Maka, barangsiapa menginginkan keselamatan dunia dan akhirat, ia mesti bersabar, ridha, tidak mengeluh kepada makhluk, menumpahkan semua hajat hanya kepada Allah, selalu taat, dan menanti kemudahan dari-Nya, sambil terus mengerahkan kemampuan usaha dan beribadah kepada Allah.
Allah pastilah yang terbaik dan ketentuan-Nya yang terbaik pula. Ketika Allah tidak memberi, itu juga merupakan anugerah. Ketika Allah menimpakan musibah, itu juga merupakan kenikmatan. Ketika Allah memberi ujian, itu juga merupakan obat. Semua perbuatan-Nya pasti yang terbaik, bijak dan bermaslahat. Dialah yang paling tahu kemaslahatan untuk hamba-hamba-Nya dan Dia Mahatahu.

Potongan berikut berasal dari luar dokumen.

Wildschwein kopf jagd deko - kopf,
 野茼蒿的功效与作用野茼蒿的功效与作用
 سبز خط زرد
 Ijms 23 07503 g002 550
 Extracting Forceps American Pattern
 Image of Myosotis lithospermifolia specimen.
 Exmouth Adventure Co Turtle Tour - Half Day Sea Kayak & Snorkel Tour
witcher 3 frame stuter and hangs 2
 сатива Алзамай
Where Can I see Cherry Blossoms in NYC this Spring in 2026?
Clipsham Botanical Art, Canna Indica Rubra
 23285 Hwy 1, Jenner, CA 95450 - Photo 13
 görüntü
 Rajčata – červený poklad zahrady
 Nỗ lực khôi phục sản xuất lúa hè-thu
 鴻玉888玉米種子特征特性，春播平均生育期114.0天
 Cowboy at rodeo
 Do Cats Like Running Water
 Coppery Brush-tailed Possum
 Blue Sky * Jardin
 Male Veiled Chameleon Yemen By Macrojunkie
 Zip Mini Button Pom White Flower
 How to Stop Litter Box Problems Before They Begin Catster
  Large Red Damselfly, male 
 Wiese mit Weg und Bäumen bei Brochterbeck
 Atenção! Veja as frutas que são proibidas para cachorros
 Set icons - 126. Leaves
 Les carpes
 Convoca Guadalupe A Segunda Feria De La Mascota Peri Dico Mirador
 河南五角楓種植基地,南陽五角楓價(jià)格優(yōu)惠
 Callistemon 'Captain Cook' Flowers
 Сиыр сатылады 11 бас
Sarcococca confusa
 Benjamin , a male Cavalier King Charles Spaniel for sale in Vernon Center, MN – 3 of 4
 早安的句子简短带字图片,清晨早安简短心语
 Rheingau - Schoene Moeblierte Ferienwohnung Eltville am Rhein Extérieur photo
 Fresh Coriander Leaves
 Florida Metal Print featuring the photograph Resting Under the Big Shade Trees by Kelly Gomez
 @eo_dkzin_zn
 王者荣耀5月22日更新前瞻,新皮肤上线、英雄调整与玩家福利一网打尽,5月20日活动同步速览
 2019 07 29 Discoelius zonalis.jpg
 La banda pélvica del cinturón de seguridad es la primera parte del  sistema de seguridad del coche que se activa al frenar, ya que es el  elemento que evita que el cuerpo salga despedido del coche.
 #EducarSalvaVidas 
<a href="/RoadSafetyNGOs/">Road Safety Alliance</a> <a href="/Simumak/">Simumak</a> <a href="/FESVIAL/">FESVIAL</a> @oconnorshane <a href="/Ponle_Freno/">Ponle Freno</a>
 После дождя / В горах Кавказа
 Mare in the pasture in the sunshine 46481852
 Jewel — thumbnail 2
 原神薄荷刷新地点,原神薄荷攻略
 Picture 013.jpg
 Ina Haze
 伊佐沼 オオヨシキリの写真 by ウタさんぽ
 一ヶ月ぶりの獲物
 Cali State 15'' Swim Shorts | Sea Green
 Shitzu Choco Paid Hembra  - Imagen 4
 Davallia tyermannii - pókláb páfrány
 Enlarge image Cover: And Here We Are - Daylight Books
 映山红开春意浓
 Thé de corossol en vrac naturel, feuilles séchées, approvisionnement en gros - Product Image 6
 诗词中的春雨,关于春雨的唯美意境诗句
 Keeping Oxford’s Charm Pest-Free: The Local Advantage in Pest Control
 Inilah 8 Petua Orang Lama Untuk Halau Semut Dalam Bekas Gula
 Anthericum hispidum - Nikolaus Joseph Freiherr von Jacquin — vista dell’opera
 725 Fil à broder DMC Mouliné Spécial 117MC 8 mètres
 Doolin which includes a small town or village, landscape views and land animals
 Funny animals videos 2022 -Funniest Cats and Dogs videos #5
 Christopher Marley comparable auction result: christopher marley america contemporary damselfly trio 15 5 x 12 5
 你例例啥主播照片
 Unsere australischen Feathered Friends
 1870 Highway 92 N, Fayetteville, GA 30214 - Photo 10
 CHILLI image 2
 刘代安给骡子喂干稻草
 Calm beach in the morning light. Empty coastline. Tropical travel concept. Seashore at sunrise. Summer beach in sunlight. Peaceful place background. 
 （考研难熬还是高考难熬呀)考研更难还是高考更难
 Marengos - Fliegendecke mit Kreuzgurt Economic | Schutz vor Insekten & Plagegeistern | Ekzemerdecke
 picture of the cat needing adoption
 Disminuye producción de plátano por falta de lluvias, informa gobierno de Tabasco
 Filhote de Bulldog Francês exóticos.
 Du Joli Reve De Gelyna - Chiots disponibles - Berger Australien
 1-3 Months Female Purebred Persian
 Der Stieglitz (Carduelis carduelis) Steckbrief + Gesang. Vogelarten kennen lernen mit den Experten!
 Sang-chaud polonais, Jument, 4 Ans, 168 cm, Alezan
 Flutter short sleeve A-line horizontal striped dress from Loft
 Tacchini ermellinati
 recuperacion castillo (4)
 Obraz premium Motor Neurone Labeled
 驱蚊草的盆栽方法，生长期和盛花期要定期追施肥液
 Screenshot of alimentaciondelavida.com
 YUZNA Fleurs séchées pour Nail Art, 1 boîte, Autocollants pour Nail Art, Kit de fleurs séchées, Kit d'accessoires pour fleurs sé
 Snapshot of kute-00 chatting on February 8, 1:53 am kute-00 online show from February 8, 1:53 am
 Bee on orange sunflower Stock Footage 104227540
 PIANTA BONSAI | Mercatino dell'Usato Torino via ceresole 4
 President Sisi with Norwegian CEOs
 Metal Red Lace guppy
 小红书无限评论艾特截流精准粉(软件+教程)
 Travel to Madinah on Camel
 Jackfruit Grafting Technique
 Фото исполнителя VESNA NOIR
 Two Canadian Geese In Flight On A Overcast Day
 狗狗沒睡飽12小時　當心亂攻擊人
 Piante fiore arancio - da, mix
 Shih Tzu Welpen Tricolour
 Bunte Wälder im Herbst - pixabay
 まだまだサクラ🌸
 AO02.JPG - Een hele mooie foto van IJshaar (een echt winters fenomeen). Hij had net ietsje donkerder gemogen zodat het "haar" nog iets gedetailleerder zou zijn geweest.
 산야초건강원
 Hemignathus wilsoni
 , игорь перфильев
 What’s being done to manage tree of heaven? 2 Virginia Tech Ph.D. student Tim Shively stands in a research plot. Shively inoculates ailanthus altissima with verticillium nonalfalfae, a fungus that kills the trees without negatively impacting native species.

Jadi, keadaaan terbaik yang harus kita jalani adalah bersikap ridha dan berserah diri serta sibuk beribadah dengan menjalankan perintah-Nya, meninggalkan larangan-Nya dan rela menerima takdir-Nya. Dan, janganlah bertanya, “Mengapa?” “Bagaimana?” atau “Kapan?”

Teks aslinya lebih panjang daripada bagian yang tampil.